I´m trying to build a function which is the inverse function of f= -1/(1 exp(b)) 1/(1 exp(b-2*b*h^n)). Where b and n are constants to fit the function to a curve of data. The look of function f should be attached. So the range of the plot is f(0)=0 , f(0.5)= close to 0.5 and f(1)=1 , and simple constants to shift and fit it well. I did get something close looking to the inverse function of f but its way to complex and long, that´s exp(ln((1/2)*(b-ln(-(h h*exp(b)-exp(b))/(h h*exp(b) 1)))/b)/n). Help would be great!

kidos

kidos - pelase do not cust and paste the equations from another program - as you can see some of the important characters get dropped.

I think what you wrote is this:


f(h) = \frac {-1}{(1+ e^b)} + \frac 1 {(1 + e^{(b-2bh^n)})}


Is that right? And you want to express h as a function of f(h)?

Hi ebaines

Yes that´s right for f(h), and yes I want to express h as a function of f(h). Sorry for the confusing paste straight from Matlab. I´ve attached the nasty complex one inverse I´ve had so far, trying to get a nice simpler one.

Regards

kidos

Sorry, I still don't understand what you're trying to do. Specifically - why are there 'h' terms in your inverse equation? If you start with:


y=f(h) = \frac {-1} {1+e^b} + \frac 1 {(1+ e^{(b-2bh^n)})}


then I would expecty the inverse to be of the form

h = g(y)


In any event - one way to simplify your equation is to use the fact that


e^{( \frac{ ln(a)} n )} = a^{\frac 1 n}

Hi ebaines

Thanks for the responses. I apologize for being unclear in my explanations. The matter of case is that I had few points of results (the blue curve in my first post) and I wanted to make a function model fitting the curve of the data where h was a vector. I had tried polyfit in Matlab but that did not fit well enough so I had worked on a function which was getting close, the f(h) function but then realized that I wanted to plot the h terms on the y-axis but not on the x-axis, so I was getting my function plotting the curve mirrored through x=y line to what I wanted. It was not working to change the order of terms in my plots because the vectors values of the function fit model and results will be off (hard to explain this :S) when real values of forces and height (h) are being compared with the model values. So I was just trying to find a similar simple function as f(h) but inverse, that should fix my problem.

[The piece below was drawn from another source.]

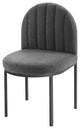Side Dining Chair, Set of 2, Fabric, Black Gray, Modern, Bistro Restaurant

Here's the inverse function I get:


y = \frac {-1} {1 + e^b} + \frac 1 {(1+e^{(b - 2bh^n)}


yields:

h = [\frac 1 2 - \frac 1 {2b} \ln (\frac {1+e^b}{1 + y + ye^b}-1)]^{(1/n)}

Hi ebaines

I have now a function which is simple and close to what I was looking for (see attached figure and function) but this function is f(0)= -Inf and f(1)= Inf , and I am trying to get f(0)=0 and f(1)=1.

Perhaps a cubic would work for your purposes. You can curve fit a third order polynomial to hit the end points:

f(x) = 2x^3 - 3x^2 +2x

**EDIT A more general cubic equation that fits your needs and lets you adjust the slope of the line at x=1/2 (let's call this value 's') is:

y = Ax^3 + Bx^2 + Cx

where A = 4(1-s)
B = -3A/2
C = A/2+1

The attached figure shows how the function looks for s = 0.5 and s = 0.3.

Thanks for the help ebaines. Any thoughts on the GOP primaries? I am fan of Ron Paul :)